“It’s like a soccer team,” says V-ZUG’s Head of Corporate Design, Martin Von Freeden. “You can bring together the best players but at the beginning, the first game, they don’t play perfect. So it means you have to work together, to have up and downs and to learn from each other. There is the managing and the power of the team is growing, and this is part of the process.”
Von Freeden states this with a charming matter-of-factness that belies the preconditions that allowed him to bring that team together and give them time to grow: a supportive executive, a five-year development timeframe, a company with a century-long history in engineering smarts, and all underpinned by the DNA of Swiss Design (see Part One of this three part series for more). His next step was to bolster his already interdisciplinary V-ZUG design team with increased strength in User Experience (UX) and User Interface (UI) knowledge to achieve what was a key goal of the project: customer individualisation.
Once such import was Kevin Perlinger, who arrived with a background in digital production in the fashion industry and, as a Stuttgart native, deep links to the automotive sector. Perlinger happily admits his appreciation of cooking appliances was limited to the stoves he had encountered in various rented apartments since his university days: “Which is, you have two settings; either it’s raw, or it’s totally burned,” he laughs.
So one of the most satisfying aspects of developing the new collection for him was learning about steam cooking, which V-ZUG pioneered 30 years ago and has taken to a new level with Excellence – look out for the CombiSteam Grand and the PowerSteam which are being launched in Australian in 2023. Perlinger spent hours with the V-ZUG engineers and product developers understanding the intelligence behind this method of cooking and was blown away by the environmental and health benefits; he wanted to bring what he calls “the magic” of the technology to the user in a simplified manner.
“I tried to translate this into a design language on the gadget itself so people can get this experience, like I experienced all this knowledge, but in an easier way,” he says. “But there’s people on the one side who say, ‘I don’t want to be controlled by the appliance, I’m the dictator here’. But the other pole is ‘I have no clue how to cook’. So you need to be open for both of them, and the individualisation helps in that those people can pick what they want.”
The challenge was in delivering this level of personalisation in a seamless way through the digital interface, which was taking shape in the form of an aesthetic and tactile solution that became known as the ‘circle slider’. Key was using the different cooking and customer personas developed within V-ZUG that drew on extensive customer research and encompassed a typical set of users.
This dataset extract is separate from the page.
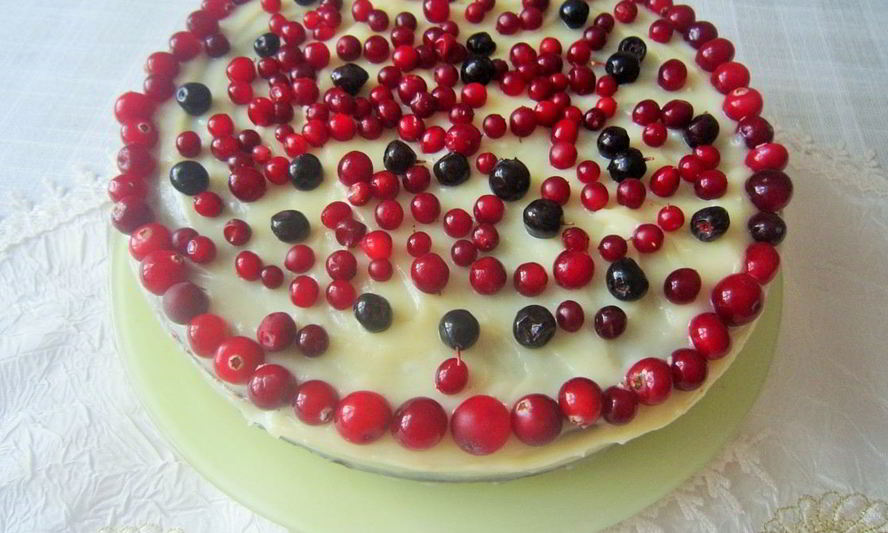 Рецепт тортика с заварным кремом и ягодами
Perlinger’s task was to immerse himself in the thinking of these personas – named Frédéric, Irene, Barbara and Susanne – and how they might navigate the oven’s interface from their various perspectives and choices.
“And out of those clusters, we made a low fidelity prototype,” says Perlinger. “It was visual, but not with pictures and colours and all the stuff. It was just hard-coded; you can click on it, and then you have the information. And then we test it again with these people or with those people.”
Many hours of trials with test users delivered a football field’s worth of cake consumed by Perlinger and his colleagues, as well significant insights that fed back into the development of the products to make life easier for everyday use. At this stage, Gunnar Donis joined the team as a super-sub UX/UI Designer with an extensive background in the use of touchscreens in the medical and automotive industries, and holding patents in graphical user interfaces. He offered a fresh set of eyes, and a kind of designated ‘mindful adversary’ in terms of judging the products’ intuitiveness at that point.
“I said, ‘Guys, please think about what we are generating like an iceberg’,” says Donis. “The icons on the interface, this is one sixth of [the product’s] power, above the water’s surface. And the other five sixths – the thoughts behind the system – need to be below the water’s surface. This is really tough work.”
However Donis says refining the interface and working through the subsequent iterations following test customer insights was made easier by the design team’s co-location with other disciplines in the company.
“One of the advantages of being the boutique manufacturer that we are, it means the factory is not that kind of a thing where you start to walk through it in the morning and then in the afternoon you might reach the other gate,” says Donis. “In five minutes, I can go around everything […] So when you have questions, about whether something is feasible and so on, you know whom you need to talk to to get a direct answer and you don’t need to wait for two or three weeks. This is really impressive to me, it works very well.”
The end result is a collection that embodies the V-ZUG concept of ‘simplexity’ – but also longevity, which we explore in Part 3 with a focus on materiality and sustainability. Let’s go to that bridge by closing with Perlinger’s modus operandi:
“My goal is that the customer in 15 years still can take a look on the screen and say, ‘Oh, this is great’, and not say, ‘Oh, this is so 2020’. It needs to be very timeless, it needs to fulfill functions of course, as well as a certain beauty. And how the products have a lifecycle, how they keep with new cooking trends, is through the software.”